Our analysis is subject to limitations, including missing data on circumcision and sexual behavior and the relatively small number of cases of men diagnosed with early syphilis. While most men in the US are circumcised as infants, a small number of men may have been circumcised in adulthood after acquiring HIV or the other infections. The STD clinic provides treatment on a sliding-scale, and the STD clinic population may not be representative of the MSM population as a whole. Finally, there were several limitations to how we classified men based on their anal sexual behavior. Data are not available for the frequency of insertive and receptive sexual acts and the categories of insertive, versatile, and receptive does not provide information about the relative frequency of these behaviors. Some men may have perceived reporting specific anal sex acts as socially desirable, potentially leading us to misclassify their anal sex role. Also, insofar as versatile men seem to return to the clinic more often than men with more limited sexual repertoires, we may have overestimated the proportion of men who are versatile in our analysis by incorporating multiple visits by the same man. The analysis also has several strengths, including the large size of the population studied, our ability to define circumcision status through clinical examination as opposed to subject self-report, the comprehensive STI testing performed on the study population, and the large number of MSM sero-logically tested for HIV and HSV-2.
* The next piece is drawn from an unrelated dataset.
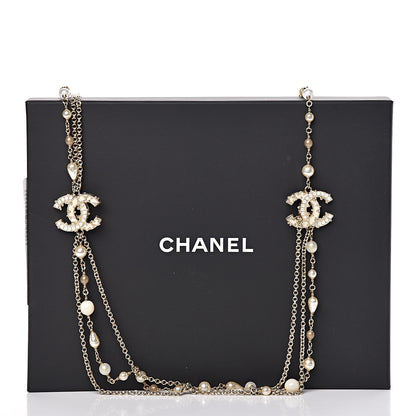Chanel Graduated Pearl Crystal CC Long Necklace Silver Pearly White 6 of 6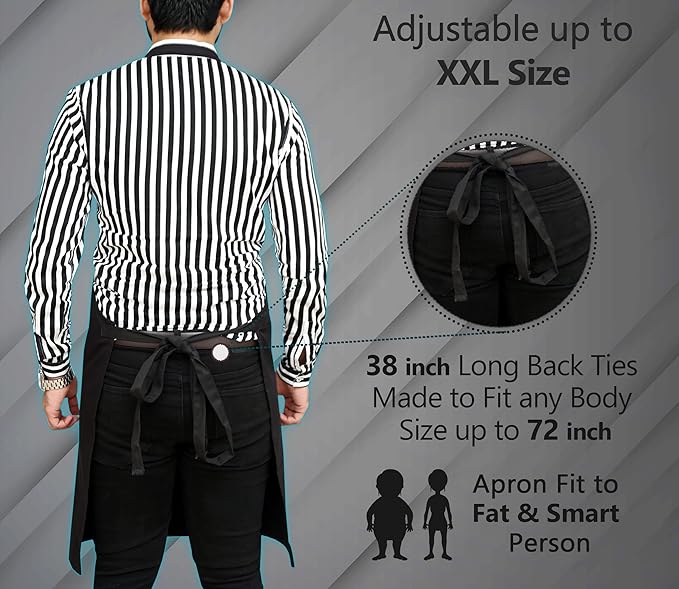 RUVANTI Work Apron for Men, Oil & Water Repellent, Poly Cotton Cross Back Aprons for Women with Pockets, Adjustable up to XXL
In summary, we did not observe that circumcision was protective against HIV or other STI in this population of MSM presenting to an urban US STD clinic, most of whom were already circumcised, and who reported a versatile anal sexual repertoire. While our findings suggest that male circumcision would not be likely to have a significant impact on HIV or STI acquisition among MSM in Seattle, it remains uncertain whether circumcision could be beneficial in other parts of the world where circumcision is much less common and a higher proportion of MSM may be consistently insertive during anal sex.